Слоновья память - Лобу Антунеш Антониу. Страница 20

— Хуй мне в рот, если я буду изучать все это говно.

В то время он мучился над созданием крайне слабой поэмы, навеянной «Бледным огнем» Набокова, и верил, что обладает размахом Клоделя периода великих од, смягченным сдержанностью Т. С. Элиота: отсутствие таланта — благодать, как он убедился позднее, только вот трудно бывает с этим смириться. И, приняв свою заурядность, поняв, что он обычный человек, иногда позволяющий себе, как куропатка, вспорхнуть в каком-нибудь случайном стихотворении, и спину его не тяготит гигантский горб бессмертия, он почувствовал, что может себе позволить страдать без оригинальничанья, молчать, не окружая себя стеной печальной сосредоточенности, которая ассоциировалась у него с гениальностью.

Психиатр обошел Шелковичный сад, пройдя вдоль пахнущих солнцем домов, впитывающих штукатуркой фруктовый сок света. На одной стене, где остатки сорванных плакатов болтались, как тряпье на лысом затылке, он прочел надпись углем:

НАРОД
ОСВОБОДИЛ
ТОВАРИЩА
ЭНРИКИ
ТЕНРЕЙРУ [90]

И логотип анархистов внизу: ироничное А, заключенное в круг. Шедший впереди него слепой стучал по камушкам тротуара тростью, будто отбивая ритм неуверенными кастаньетами: мертвый город, подумал врач, мертвый город в гробу из изразцов, ожидающий без надежды всякого, кто еще явится, будь то слепые, пенсионеры, вдовы, Салазар, который, бог его знает, может, и не умер. В больнице, где работал врач, был пациент, алентежанец, серьезный, очень сдержанный сеньор Жоакин, всегда в шляпе с мягкими полями и в идеально чистом и отглаженном комбинезоне, постоянно находившийся на прямой телепатической связи с бывшим председателем Совета министров, которого он почтительно именовал «наш профессор» и от которого получал указания о том, как следует организовать работу государственных учреждений. Он служил в республиканской гвардии где-то в затерянном поселке на равнине, когда в один прекрасный день стал, угрожая ружьем односельчанам, сгонять их на строительство тюрьмы в городе Кашиаш, повинуясь инструкциям, которые ему нашептал на ухо наш профессор. Время от времени психиатр получал письма из родного поселка сеньора Жоакина, подписанные настоятелем местного собора или начальником пожарной бригады, с просьбой ни в коем случае не выпускать на волю этого грозного эмиссара призрака.
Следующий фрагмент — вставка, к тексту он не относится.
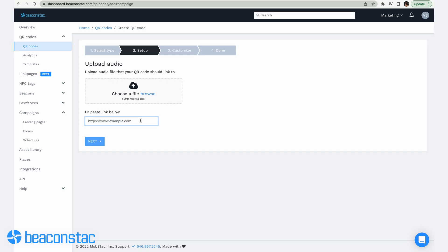Step 3: Enter your audio link or upload a raw audio file. There are two ways you can link an audio file to a QR code. You can upload a raw audio file like an MP3 and have your scanners listen to it on their iPhone. You can also enter a URL that links to your material on Spotify, YouTube Music, or SoundCloud.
Однажды врач вызвал сеньора Жоакина к себе в кабинет и сказал ему то, что не осмеливались сообщить санитары:

— Сеньор Жоакин, наш профессор скончался полтора месяца назад. Вот и в газете фотография.

Сеньор Жоакин выглянул за дверь, чтобы убедиться, что никто не подслушивает, вернулся в кабинет, наклонился к психиатру и прошептал:

— Это все понарошку, сеньор доктор. Он подсунул им труп двойника, и оппозиция проглотила наживку; ну сами посудите: он вот только минут пятнадцать назад назначил меня министром финансов. Наш профессор переиграет всех.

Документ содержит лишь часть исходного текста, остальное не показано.